All copyright associated with `KIST Human Gait Pattern Data' is reserved, and the Center of Bionics at Korea Institute of Science and Technology has the right. This database can be used only for `Gait Kinematics Prediction Toolbox.' All redistribution and uses for other purposes in source and binary forms, with or without modification, are not permitted. KIST plans to open the database to the public completely. However, at this point we are making only the software publicly available. If someone wants to use the database for other purposes, please contact Youngmok Yun (yunyoungmok |at| utexas |dot| edu) or Changhwan Kim (ckim |at| kist |dot| re |dot| kr).
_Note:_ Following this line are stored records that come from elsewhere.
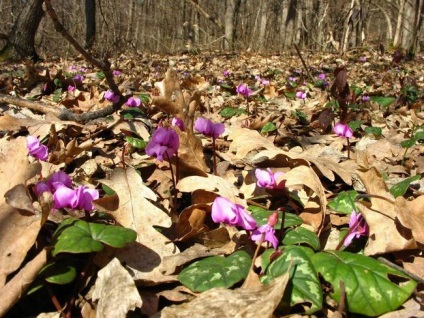 Cyclamen cultivarea și îngrijirea, reproducerea, trăsăturile europene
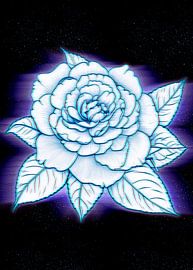 camelia by ahmad hanan attaki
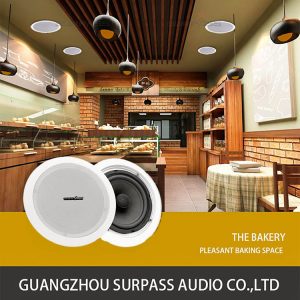 Потолочные динамики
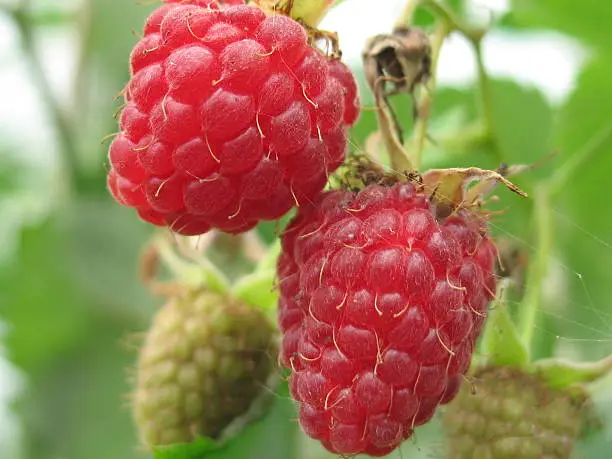 Ripe red raspberry in the summer garden.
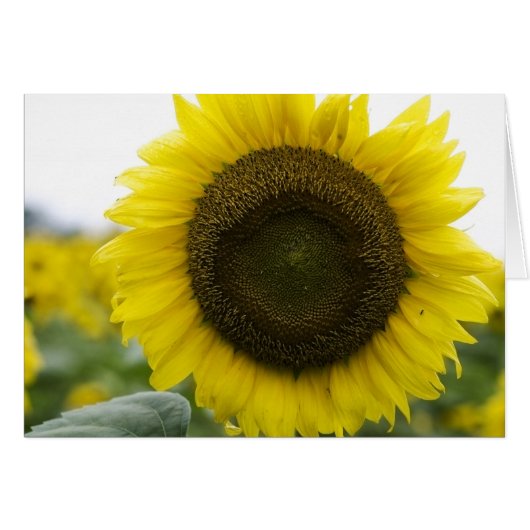 Sunflower Cards (Front Horizontal)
-GAUSSIAN PROCESS REGRESSION AND CLASSIFICATION Toolbox

Copyright Link

6. Reference

[1] Y. Yun, H.-C. Kim, S. Y. Shin, J. Lee, A. D. Deshpande, and C. Kim, “Statistical method for prediction of gait kinematics with Gaussian process regression,” Journal of Biomechanics, vol. 47, no. 1, pp. 186–192, Jan. 2014. 
[2] C. E. Rasmussen and C. K. Williams, “Gaussian Processes for Machine Learning,” The MIT Press, 2006.    
[3] C. E. Rasmussen, "GAUSSIAN PROCESS REGRESSION AND CLASSIFICATION Toolbox version 3.2," http://gaussianprocess.org/gpml/code 
[4] J. O. JudgeRoy, B. Davis, and S. Õunpuu, “Step Length Reductions in Advanced Age: The Role of Ankle and Hip Kinetics,” J Gerontol A Biol Sci Med Sci, vol. 51A, no. 6, pp. M303–M312, Nov. 1996.